Ismail Hajee Essa Trust v. Muslim Educational Society (Registered) Calicut
2017-02-21
SATHISH NINAN, V.CHITAMBARESH
body2017
DigiLaw.ai
JUDGMENT : Chitambaresh, J. The controversy in regard to the land, the buildings as well as the administration of M.E.S. Asmabi College, school, hostel etc. needs to be quelled soon lest the students are put to peril. The suit property of extent 25 acres is situate in Kodungallur in Kerala wherein the tourists flock to see the oldest Mosque in India - Cheraman Juma Masjid - built by Malik bin Dinar in 629 AD. 2. 'Ismail Hajee Essa Trust' [hereinafter referred to as 'the Trust'] was founded by one Mr. Essa Ismail Sait with the laudable object of establishing educational institutions. Vast tracts of land lying contiguous were purchased for the purpose under Exts.B1 to B9 sale deeds and structures partially constructed. The defendants thereafter completed the construction and put up additional structures wherein a college, school and hostel are being run. Disputes arose as regards the management of the educational institutions which has eventually paved the way for the suit at the instance of the Trust. The suit as amended is one for declaration of title as well as the right of management of the institutions and also for recovery of possession. 3. The defendants who are the Society and its office bearers contended that the property was purchased not on behalf of the Trust but by its founder on his own behalf. The defendants pointed out that Exts.A1 and A2 deeds of declaration of Trust were executed long after the execution of Exts.B1 to B9 sale deeds. It is the case of the defendants that there was at any rate an oral gift of the property by the plaintiffs in their favour valid under the Mohammedan Law. The gift was accepted and the semi-constructed buildings were completed wherein the educational institutions have been functioning for long. The defendants disputed that the plaintiffs had role in the management at any point of time and the institutions have also been affiliated to University. 4. The court below has upheld the oral gift by the plaintiffs in favour of the defendants and has also held that the plaintiffs are not in management of the institutions. The court below has dismissed the suit against which the plaintiffs have come up in appeal producing along with it documents as additional evidence. We heard Mr. M. Ramesh Chander, Senior Advocate on behalf of the appellants and Mr.

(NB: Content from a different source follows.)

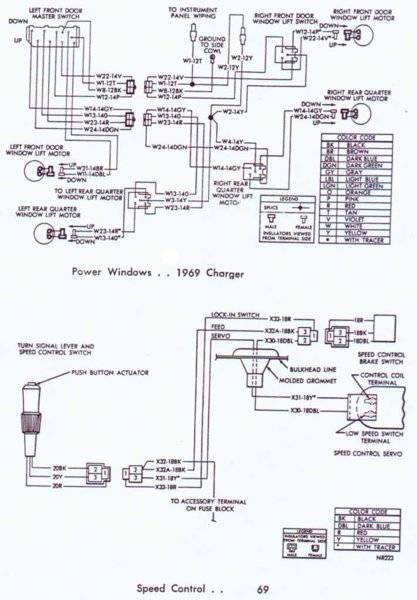 Power Window Supply | For B Bodies Only Classic Mopar Forum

The court below has dismissed the suit against which the plaintiffs have come up in appeal producing along with it documents as additional evidence. We heard Mr. M. Ramesh Chander, Senior Advocate on behalf of the appellants and Mr. R.D. Shenoy, Senior Advocate on behalf of the respondents. 5. The acquisition of the property was under Exts.B1 to B9 sale deeds executed in the year 1965 wherein the vendee is Mr. Essa Ismail Sait on behalf of the Trust. The property lying contiguous were so purchased by Mr. Essa Ismail Sait for a purpose discernible from Ext.A1 deed of declaration of Trust executed in the year 1966. The object of the Trust was to start a college by name 'Asma Beevi Women's College' for imparting education particularly to those of muslim community. Mr. Essa Ismail Sait shall be the Managing Trustee of the Trust for his life time and thereafter his brothers and successors as per the terms thereof. Ext.A2 deed of declaration of Trust was later executed in the year 1997 substantially reiterating the terms contained in Ext.A1 deed. The question to be considered at the outset is as to whether the acquisition under Ext.B1 to B9 sale deeds would enure to the benefit of the Trust or not. 6. Exts.A1 and A2 deeds reflect that the beneficiaries are the public at large and not an ascertained body of persons leading to the conclusion that it is a public Trust. It is not necessary to execute an instrument in writing signed by the author of the Trust and get it registered for the creation of a public Trust. The same may of course be necessary under Section 5 of the Indian Trusts Act, 1882 which however applies to a private Trust only. What is essential is that there should be an unambiguous expression of intention to divest the interest of the donor for the benefit of the Trust. Such divestiture can be proved by attendant circumstances and it is not necessary that there should be a writing to constitute a valid dedication. We are in this conclusion fortified by the decision in Bihar State Board Religious Trust v. Mahant Sri Biseshwar Das [ AIR 1971 SC 2057 ]. 7. The contention that the property acquired under Exts.B1 to B9 sale deeds before Exts.A1 and A2 deeds would not enure to the benefit of the Trust is unacceptable.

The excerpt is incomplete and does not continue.